Post Production: Understanding Continuity in Editing

Continuity editing is the dominant editing technique found in narrative feature films, television shows and web content. It is used to unify a series of disconnected shots into a scene that plays out in a logical fashion. Movies and television are relatively new mediums of story telling completely different from anything we've ever seen before. Part of what makes them so unique is that editing allows the viewer to see a wide shot cut to a close up--something our eyes don't see in real life. This could make a story hard to follow, but continuity editing combined with solid narration allows the viewer to easily get immersed in the story. 

The 180 Degree Rule and Spatial Continuity

The first rule that any filmmaker needs to learn before he picks up his camera is the 180 degree rule. Adherence to this rule is necessary to maintain continuity in your scene. What you do is create an imaginary line across your set that you will not cross with the camera.
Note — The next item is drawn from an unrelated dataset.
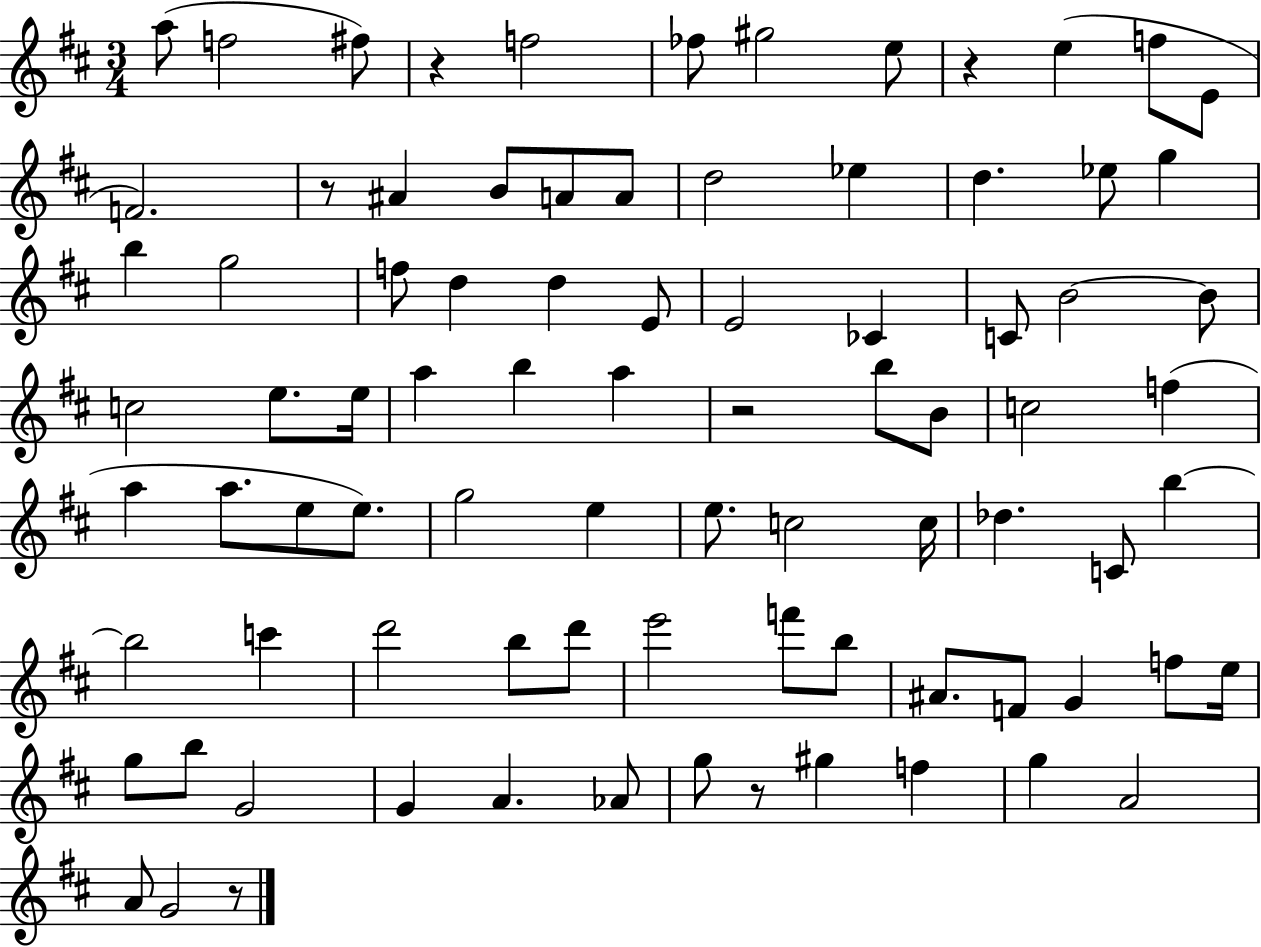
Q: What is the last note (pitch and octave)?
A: G4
This way if the actor is on the left side of the frame and the actress is one right side in the master shot, they will stay in those established positions throughout the scene as the medium shots and close ups are editing together. 
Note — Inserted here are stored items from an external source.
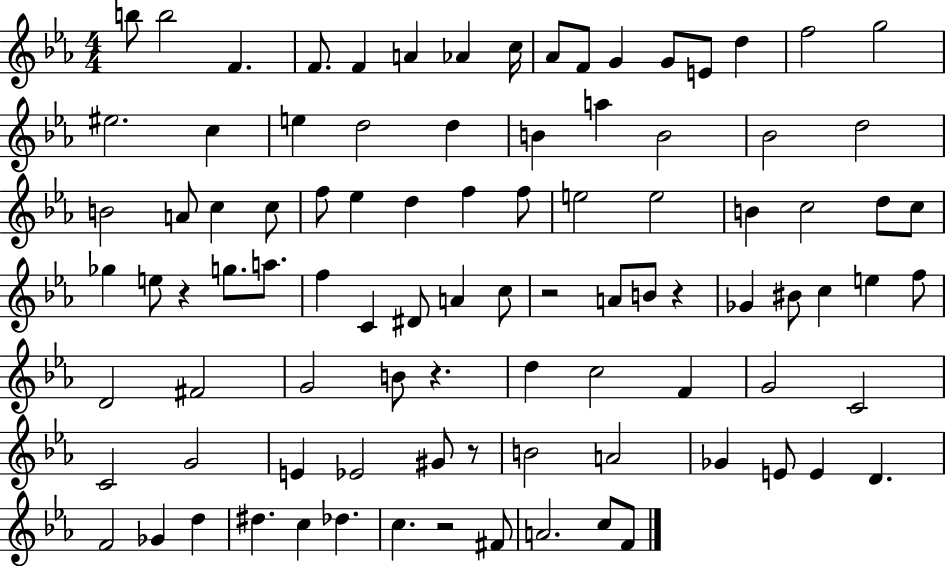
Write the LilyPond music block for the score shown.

{
  \clef treble
  \numericTimeSignature
  \time 4/4
  \key ees \major
  \repeat volta 2 { b''8 b''2 f'4. | f'8. f'4 a'4 aes'4 c''16 | aes'8 f'8 g'4 g'8 e'8 d''4 | f''2 g''2 | \break eis''2. c''4 | e''4 d''2 d''4 | b'4 a''4 b'2 | bes'2 d''2 | \break b'2 a'8 c''4 c''8 | f''8 ees''4 d''4 f''4 f''8 | e''2 e''2 | b'4 c''2 d''8 c''8 | \break ges''4 e''8 r4 g''8. a''8. | f''4 c'4 dis'8 a'4 c''8 | r2 a'8 b'8 r4 | ges'4 bis'8 c''4 e''4 f''8 | \break d'2 fis'2 | g'2 b'8 r4. | d''4 c''2 f'4 | g'2 c'2 | \break c'2 g'2 | e'4 ees'2 gis'8 r8 | b'2 a'2 | ges'4 e'8 e'4 d'4. | \break f'2 ges'4 d''4 | dis''4. c''4 des''4. | c''4. r2 fis'8 | a'2. c''8 f'8 | \break } \bar "|."
}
If the camera crossed the line and the actress appeared frame left and the actor frame right, then this would cause the audience to become disoriented because the established spatial continuity had been violated. Once the spatial distance and positions has been established, you should not violate it if you want to maintain continuity.

Cutting on the Action and Temporal Continuity

Entire scenes and montages can move between time, but the shots that compose the scene should have temporal continuity. An individual scene needs to feel as if it is happening right now in real time. The most common way of maintaining this illusion is to cut your shots on actions so that they match up to each other.

For example, let's say that we're editing two shots together of a man throwing a football. We can start with the close up where he begins to throw the ball and then cut to the wide shot where we see the ball leaving his hand and traveling across the field. We would want to cut the two shots together so that they meet at a point when the man's arm is in the same position. This way the action appears to be seamless when edited together.

Breaking the Rules

Not everything in your movie needs to be edited to the continuity style. Montages are a common example of a sequence of shots not edited for continuity. Instead they are put together to show a great passage of time while having a psychological effect on the audience by progressing the story.

Even some of the most celebrated filmmakers break the rules. In Jean Luc Goddard's 'Breathless', the director uses jump cuts to show the passage of time. But, if you plan on making a career in filmmaking, you should first learn the rules before you decide to break them.